A tiny manuscript written by Charlotte Brontë when she was 14 years old has returned to the house in Haworth where she wrote it. After a fundraising campaign promoted by famous people like Judi Dench, the Brontë Society was able to acquire it at auction in Paris in November 2019 for €600,000 ($660,000)  hammer price. Now it has gone on display at the Brontë Parsonage Museum, the family’s former home that today has the largest collection of Brontë-related objects in the world.

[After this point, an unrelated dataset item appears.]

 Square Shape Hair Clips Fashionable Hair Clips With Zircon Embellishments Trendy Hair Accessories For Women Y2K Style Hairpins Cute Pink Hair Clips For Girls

The book is a miniature, at 2.4 inches high and 1.4 inches wide about the size of a matchbox. The 20-page folio is bound in a brown paper cover and inserted in a red folder. The folder was kept in a brown morocco case. The title page alone is a gem:

SECOND SERIES OF THE

YOUR MEN’S

MAGAZINES . NO

SECOND

FOR SEPTEMBER 1830

Edited by Charlotte Brontë

SOLD

BY

SEARGEANT TREE

AND ALL

OTHER

Booksellers in the chief Glass Town Paris Ross GT Parrys GT Wellingtons Glass Town &c &c &c August Finished August 19, 1830 Charlotte


The table of contents on the next page lists the short stories in the short volume:  A Letter from Lord Charles Wellesley, The Midnight Song by Marquis Donato and Frenchman’s Journal by Tree. The author names are as fictional as the stories. Charlotte wrote everything, of course. The stories are followed by the Advertisements section, because even at 14 Charlotte evinced a keen understanding of the intersection between literature and commerce. She managed to fit more than 4,000 words on these tiny pages, just 17 of them if you deduct the title and half-title/contents.

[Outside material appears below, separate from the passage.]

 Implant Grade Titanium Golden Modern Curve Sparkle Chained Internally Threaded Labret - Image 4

Charlotte’s mini-magazine was one of six she wrote as a teenager, inspired by Blackwood’s Magazine, the family’s favorite periodical. It was set in the fictional “glass World,” the first of many imaginary worlds created by the brilliant but isolated Brontë siblings when they were home-schooled after the deaths of their two older sisters caused by the deprivations they suffered at the brutal Clergy Daughters’ School in Lancashire, later immortalized by Charlotte as Lowood School in Jane Eyre.

The Brontë Parsonage Museum has five of the six “little books” now that they’ve acquired number two. Number five is lost, its whereabouts unknown since the 1930s.